Resource selection based on the billing model

When designing architecture, the service’s billing method acts as an important consideration, and the billing method can vary depending on the deployment method of cloud resources.

Provisioning method is a way of distributing resources by specifying particular specifications or services.

In this case, even if the actual resources are not used, charges will be billed according to the billing cycle (hour, day, month).

On the other hand, the Pay-as-you-go model incurs no cost until resources are actually used, and charges are based on the amount used or the number of calls, etc.

There are also services that charge by mixing the Provisioning method and the Pay-as-you-go method.

The two architectures presented in the figure below are examples of implementing a mobile application that provides image services using the Provisioning method and the Pay-as-you-go method.

The 3-tier web Application method based on the Provisioning model on the left is a traditional construction method familiar to developers and operators, and it is a configuration commonly selected when converting existing applications or developing new applications.

This architecture charges a fixed monthly fee regardless of usage, so applying it to workloads with low load variability can increase cost efficiency.

The right architecture is mostly composed of Serverless Computing services billed per request, in contrast to the left’s Virtual Server-centric configuration.

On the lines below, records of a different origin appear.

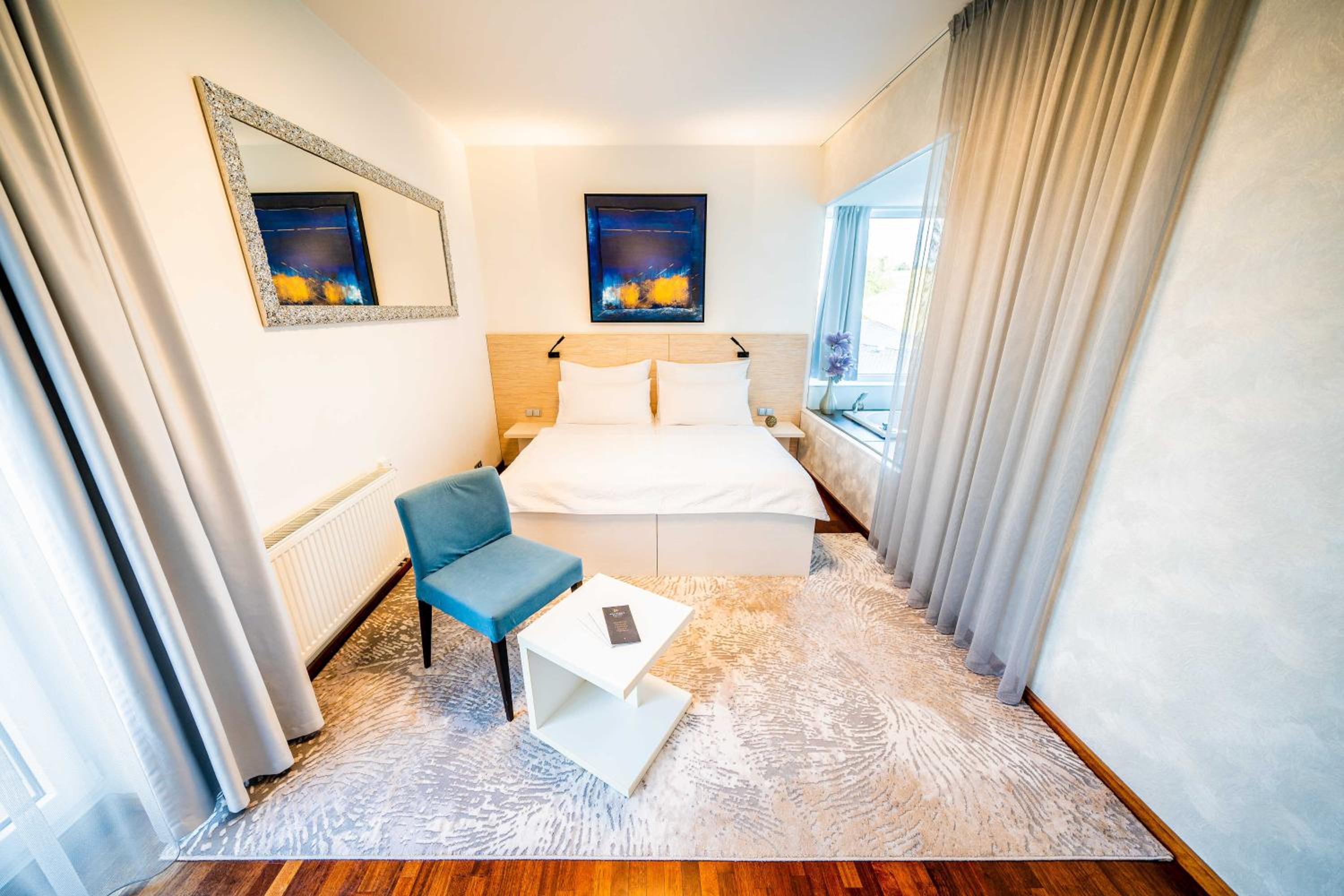 Deluxe Double Room with Bath photo 1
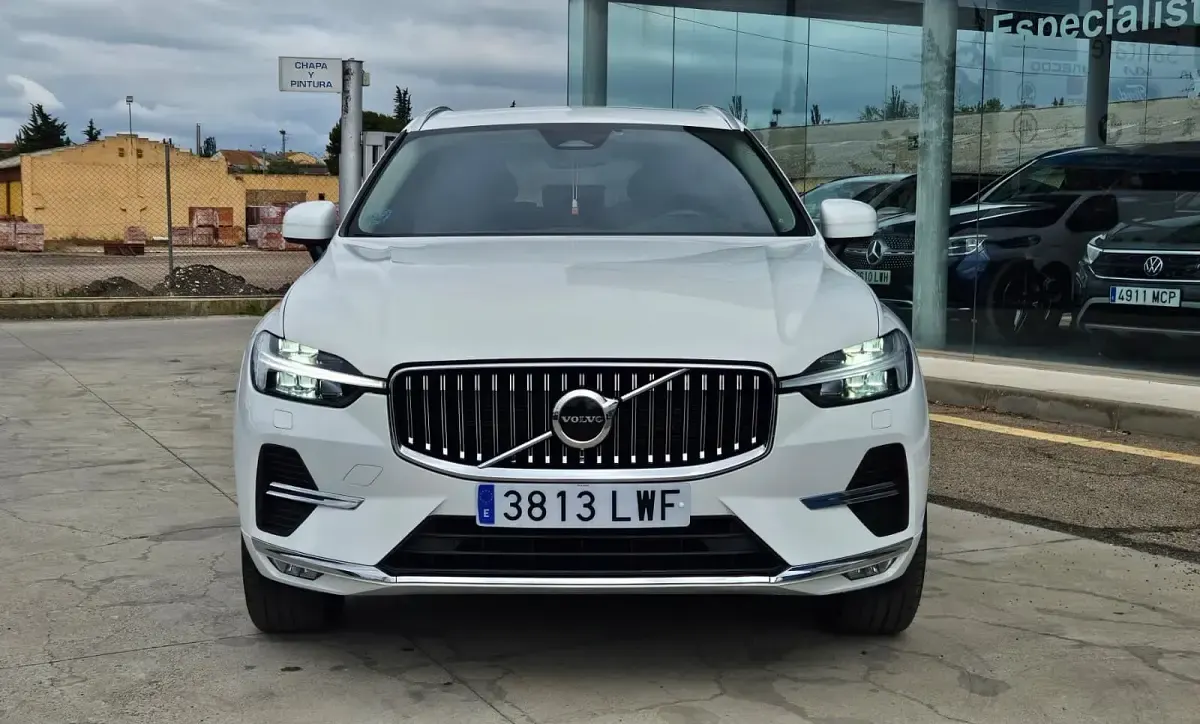 Usado Volvo XC60 Ultimate 197 CV (144 kW) 2022 Blanco SUV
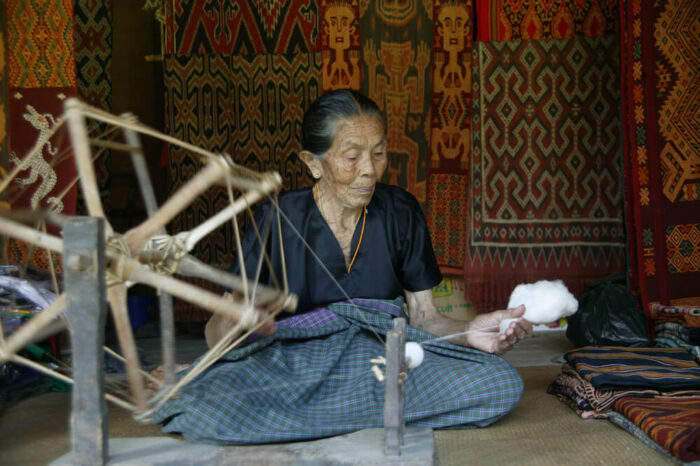 traditional weaving tana toraja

Serverless Computing architecture requires understanding of API Gateway’s API routing, Cloud Functions’ function processing, and Object Storage’s REST API operation, and involves technical challenges.

However, since billing is per call or per capacity, costs are only charged when actual usage occurs.

Therefore, in environments where request load periodically increases or load prediction is difficult, applying this architecture can handle the load cost-effectively.

When selecting resources like this, you must consider both the use case and the organization’s technical capabilities.

Since cloud resources provide various billing models depending on service characteristics, you need to design the architecture to appropriately utilize them to optimize costs.

Resource type, size, quantity selection

In on-premises environments, you must carefully forecast future demand in the early stages of system construction and then determine the hardware scale, and because changes are difficult once a purchase is completed, the initial design is very important.

On the other hand, in a cloud environment, resources can be expanded or reduced at any time, minimizing the burden of initial asset investment and allowing you to start.

To leverage these cloud characteristics and increase cost efficiency, it is advantageous to choose technologies with high resource efficiency and agility, such as resources or containers billed per request.

However, to adopt Serverless Computing or container technology, the organization’s internal technical capabilities must be supported, so the costs and risks associated with this must also be considered.

When selecting a server type, it is preferable to start on a small scale rather than beginning with a large scale, and then gradually increase specifications or increase the number of deployments.

In a cloud environment, you can change the server type at any time, so it is common to initially deploy a small-capacity server and go through a step of adjusting specifications to ensure the software and code operate stably.

After optimizing the capacity of the unit server, we perform the task of scaling the number of servers through load testing.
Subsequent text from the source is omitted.